Restaurant: Burger King
There’s a new king and it’s you.
The Stakes
After years of investment across food, service, and restaurants, Burger King had a story to tell but a credibility gap to close. People had moved on, assuming nothing would improve. The business needed to earn a second chance.
The Friction
People were frustrated, but not surprised. Expectations had dropped so low that bad experiences felt normal, and feedback felt pointless. Even when people spoke up, they didn’t believe brands would actually change.
The Shift
Burger King stopped talking about improvement and made listening the idea, turning real complaints into visible fixes across food, service, and restaurants.
A :90 manifesto debuted during the Academy Awards, launching a campaign designed to prove change in real time.
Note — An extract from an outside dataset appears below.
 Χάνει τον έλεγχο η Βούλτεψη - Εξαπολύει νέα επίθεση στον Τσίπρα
Using docu-style storytelling across TV, social, digital, and in-store, the brand showed the work as it happened, unpolished, human, and ongoing.
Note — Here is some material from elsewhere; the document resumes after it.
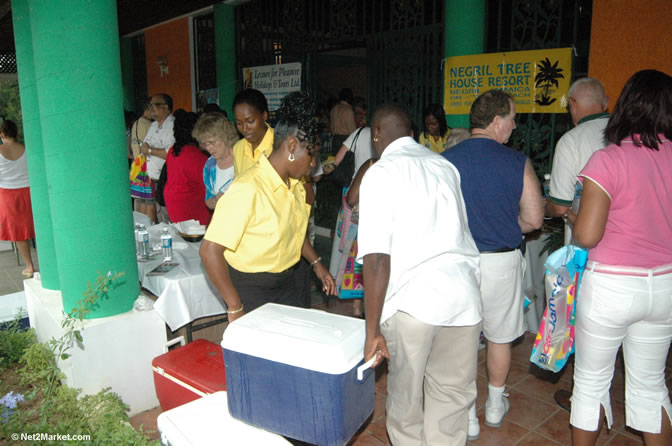 JTB/JHTA TRAVEL AGENT FLY IN - TRADESHOW @ Negril Hills Golf Club, Saturday, September 24, 2005 - Negril Travel Guide, Negril Jamaica WI - http://www.negriltravelguide.com - info@negriltravelguide.com...!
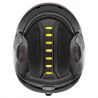 GRAVITATE MIPS 40-WARM GR-BLK M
It created a loop: listen, act, show. And for the first time, people didn’t just see change. They felt part of it.
The Lift
- 30K+ Number of real calls/texts the Burger King President Tom Curtis received with guests’ sharing their biggest complaints and wildest desires, rooting for BK to get better.
- 4.5MM Additional people who engaged via social
- 7.2B Total number of earned impressions across the campaign to date
“This campaign represents much more than a new ad – it reflects the transformation Burger King has been driving over the past five years. The most important part of that journey has been truly listening to our guests and the millions of people rooting for this brand. So it felt only right to officially hand them the crown.”